Dalla Grecia in difficoltà qualcosa sbuca: un piccolo documentario costato 8mila euro svela proprio questa ipocrisia. Debtocracy , che da quando è stato messo in rete sotto libera licenza è stato visto da oltre un milione di persone, si presenta come una rivolta verso quella cultura della menzogna che oggi inchioda la maggior parte delle nostre scelte.
Con uno stile che non ha nulla da invidiare a Michael Moore, il documentario pone l’accento in particolare su un concetto: quello di debito detestabile.
In materia di diritto internazionale, tale concetto (debito detestabile), si propone come una giurisprudenza avanzata da alcuni autori. Essa, riferisce a un debito contratto da un regime che, di fatto, finanzi azioni rivolte contro l’interesse dei propri cittadini senza che questi ne fossero stati a conoscenza. Debiti dunque considerati in quest’ottica come debiti di regime, attribuibili a chi li ha contratti e non allo Stato per intero.

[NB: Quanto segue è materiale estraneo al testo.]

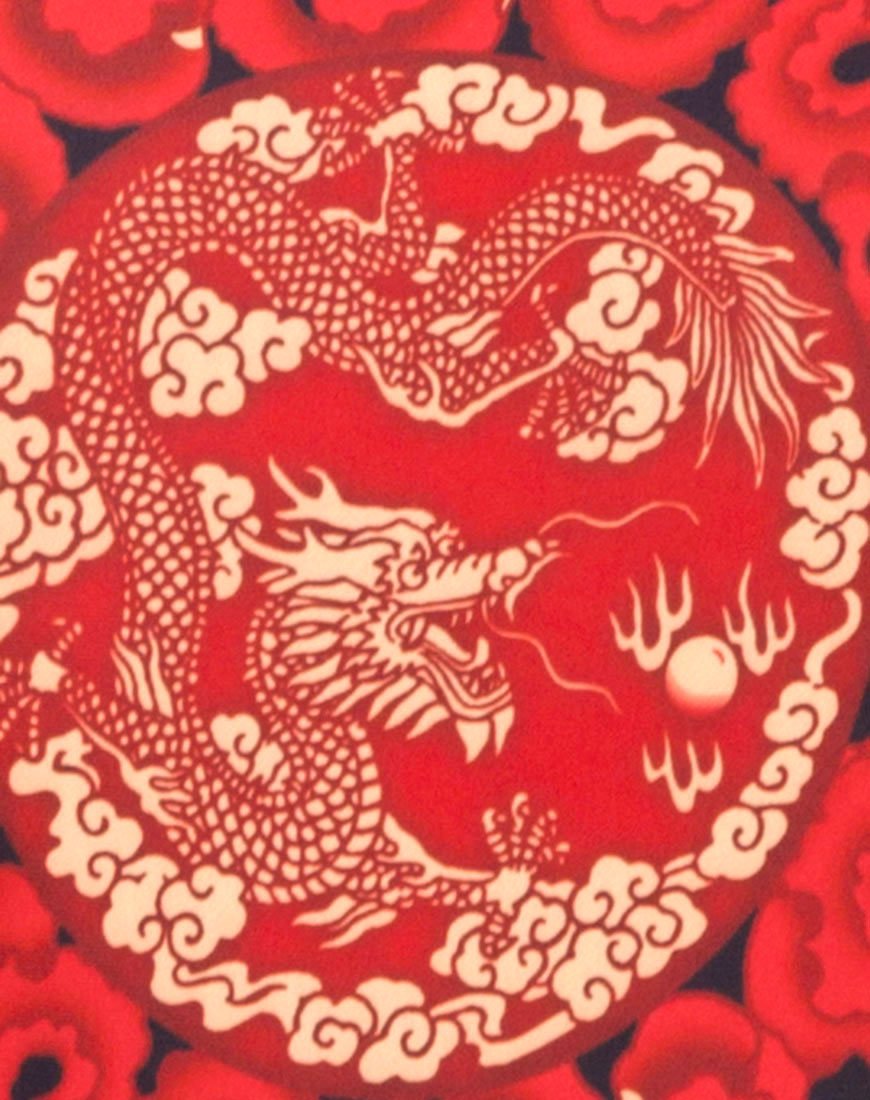 Image de Blaze Swimsuit in Chinese Fire Dragon (Maillot de bain Blaze en dragon de feu chinois)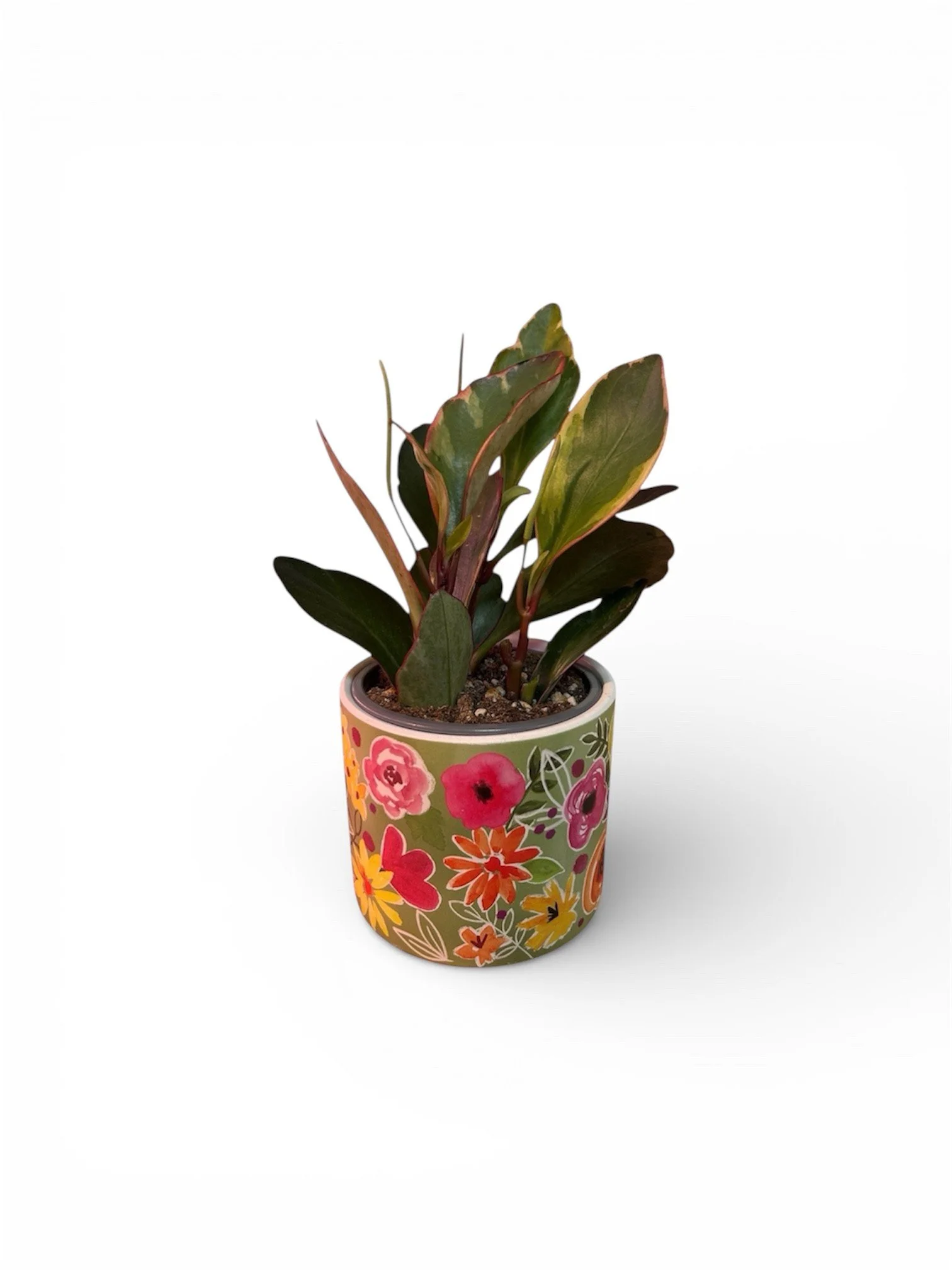 Gift Ready Indoor Plant in Ceramic Pot - Calgary Delivery (Floral Pattern)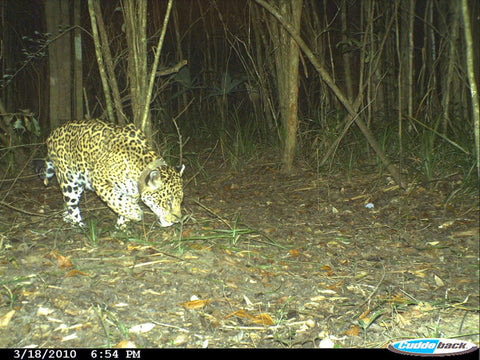 camera traps used for research width="480" height="360"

Storicamente, la dottrina del debito detestabile, è stata formulata da un ministro dello zar Nicola II, emigrato in Francia in seguito alla Rivoluzione del ’17, Alexander Nahum Sack che dieci anni dopo scriveva: “Se un potere dispotico contrae un debito non già secondo i bisogni e gli intressi dello Stato, ma per fortificare il suo regime dispotico, per reprimere la popolazione che lo combatte, questo debito è detestabile per la popolazione dello Stato intero.
Questo debito non è più obbligatorio per la nazione: è un debito di regime, debito personale del potere che l’ha contratto; di conseguenza, esso cessa con la caduta di quel potere.”Ancora prima, nel 1883, il Messico denunciò un debito contratto dall’imperatore Massimiliano, promulgando una legge chiamata “regolamento del debito nazionale” che dichiarava “Noi non possiamo riconoscere, e di conseguenza non potranno essere converti, i debiti emessi dal governo che pretendeva esistere in Messico tra il 17 dicembre 1857 e il 24 dicembre 1860 e dal giugno 1863 al 21 giugno 1867.”

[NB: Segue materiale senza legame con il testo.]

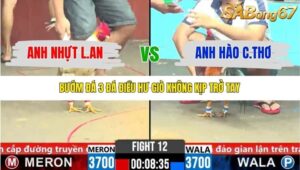 TRẬN 12 CPC6 4/11/2025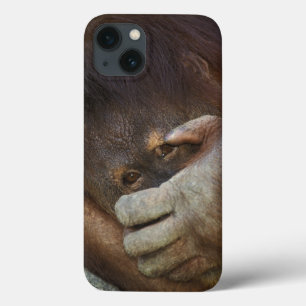 Sumatra-Orang-Utan, Pongo pygmaeus iPhone 13 Hülle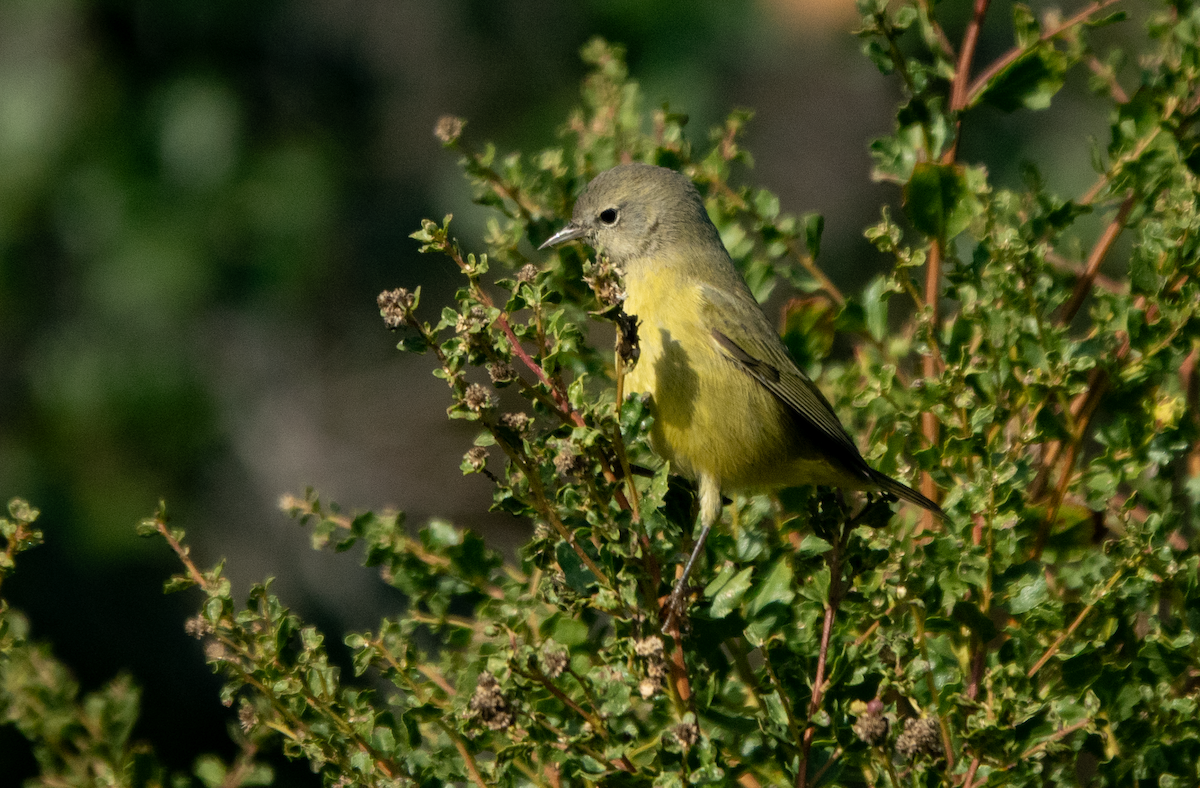 Orange-crowned Warbler (Gray-headed) - ML646031287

Un altro esempio che il documentario riporta è relativo agli Stati Uniti che rifiutarono il pagamento del debito di Cuba contratto del regime coloniale spagnolo in seguito al Trattato di Parigi del 1898.
Nel 1982, la First National Bank of Chicago ricordò alle istituzioni finanziarie che: “Le conseguenze esercitate sugli accordi di prestito in seguito a un cambiamento di sovranità possono dipendere in parte dal’utilizzo dei prestiti attuati dallo Stato predecessore.
Se il debito del predecessore è giudicato odioso, vale a dire se l’ammontare del prestito è stato utilizzato contro gli interesi della popolazione, allora può essere che il debito non sia trasferito al governo successore.”Recentemente chi si è occupato di debito detestabile è stato il CISLD (Centre for International Sustainable Development Law) che, in un rapporto del 2003, ha definito i tre criteri fondanti il carattere odioso di un debito:
- L’assenza del beneplacito: il debito è stato contratto contro la volontà del popolo.
- L’assenza di benefici: i fondi sono stati spesi in maniera contraria agli interessi della popolazione.
- La conoscenza delle intenzioni del mutuatario da parte dei creditori.
Per ultimo il documentario accenna all’applicazione di questo concetto da parte degli Usa per sfuggire all’eredità del debito di Saddam Hussein in seguito all’invasione dell’Iraq nel 2003. Un modo per sottolineare come questo tipo di giurisprudenza sia stata adottata anche nel 21esimo secolo.
Ne sanno qualcosa forse gli islandesi che, in piena Europa, ma lontano dai riflettori hanno dato vita a una vera e propria rivoluzione e, in seguito a referendum, hanno rifiutato la restituzione di 4 miliardi a Gb e Olanda.
Sarà forse un caso se nessuno ne parla?
Il centro è cieco, la verità si vede dai margini.